London and its suburbs is of course famous for having no narrow streets whatsoever 

The point is that a squishy human was doing something unwise such that there was a real risk of them being hurt. Like it or not, the driver has a responsibility to lessen the chances of that happening.



Phaeton said:


> What is unacceptable is when I get overtaken with less than 0.5M by cars doing 60-70mph when they are doing it on purpose & have no reason to do so.


We can agree on that, although I’m curious about when you think they _would_ have a reason to do so.



Phaeton said:


> If the 1.5M rule is to be adhered to then that road needs to have the white line removed & made into a single lane.


I agree. I think the white line gives a false sense of both safety and entitlement.


----------



## DRM (3 Jun 2022)

Phaeton said:


> Why do you believe that a lorry turning right would be travelling at any other speed than the speed he was overtaking in the twitter clip?
> 
> In answer to your question, inappropriate speed, I spend most of my road riding on roads that are probably less than 4M wide, it would be physically impossible to give 1.5M on all occasions, as long as the overtaker does it with consideration then it's something we outside of the centre of the universe live with. What is unacceptable is when I get overtaken with less than 0.5M by cars doing 60-70mph when they are doing it on purpose & have no reason to do so.
> 
> If the 1.5M rule is to be adhered to then that road needs to have the white line removed & made into a single lane.

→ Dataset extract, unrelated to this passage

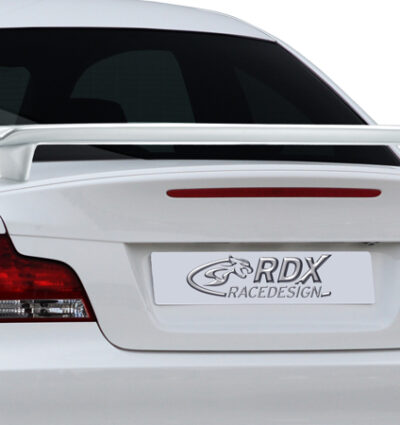 Aileron / Becquet RDX pour BMW Série 1 E82 / E88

I was going to reply, but @Phaeton has written what I was going to say, no point in repeating it, only a fool would ride so close to the white line on their right, my belief is this plod was trying to be a clever so & so who through lack of road craft has made the Alps out of a small pimple, he isn’t fit to be cycling on behalf of the met police and needs further training & experience, and was being deliberately provocative


----------



## BoldonLad (3 Jun 2022)

newfhouse said:


> On this occasion it passed without causing injury.* Are we saying that close passes are acceptable as long as no contact is made and that the white paint is not crossed? *What is the point of the 1.5m guidance if 0.5m is normalised?



No.


----------



## Phaeton (3 Jun 2022)

newfhouse said:


> All but the most foolhardy lorry driver would slow down for a sharp right turn whether traffic light controlled or not.


I believe you are speaking from a point of zero experience of driving a HGV in traffic, as to why you have invented a sharp right turn I'm unsure, I said right turn, which could be at as little as 10 degrees


newfhouse said:


> We can agree on that, although I’m curious about when you think they _would_ have a reason to do so.


You would have to ask them not me


----------



## DaveReading (3 Jun 2022)

newfhouse said:


> Is there a difference between a slow moving lorry passing stationary cyclists in order to turn right, and one that appears to be travelling at near the speed limit passing close to wobbly cyclists?


Correct me if I'm wrong, but it *was *a slow-moving lorry. Unless you have evidence that it was travelling in excess of the 20 mph speed limit ?


----------



## wiggydiggy (3 Jun 2022)

mjr said:


> Has no one else on here done the odd tactical wobble to try to discourage a driver from being a daffodil?



Not a wobble but I have taken a more primary position after a close pass, especially if I can hear another vehicle coming.

This may or may not be sensible, but I sometimes wonder if they even saw me before close passing so in my head me moving out makes me more visible.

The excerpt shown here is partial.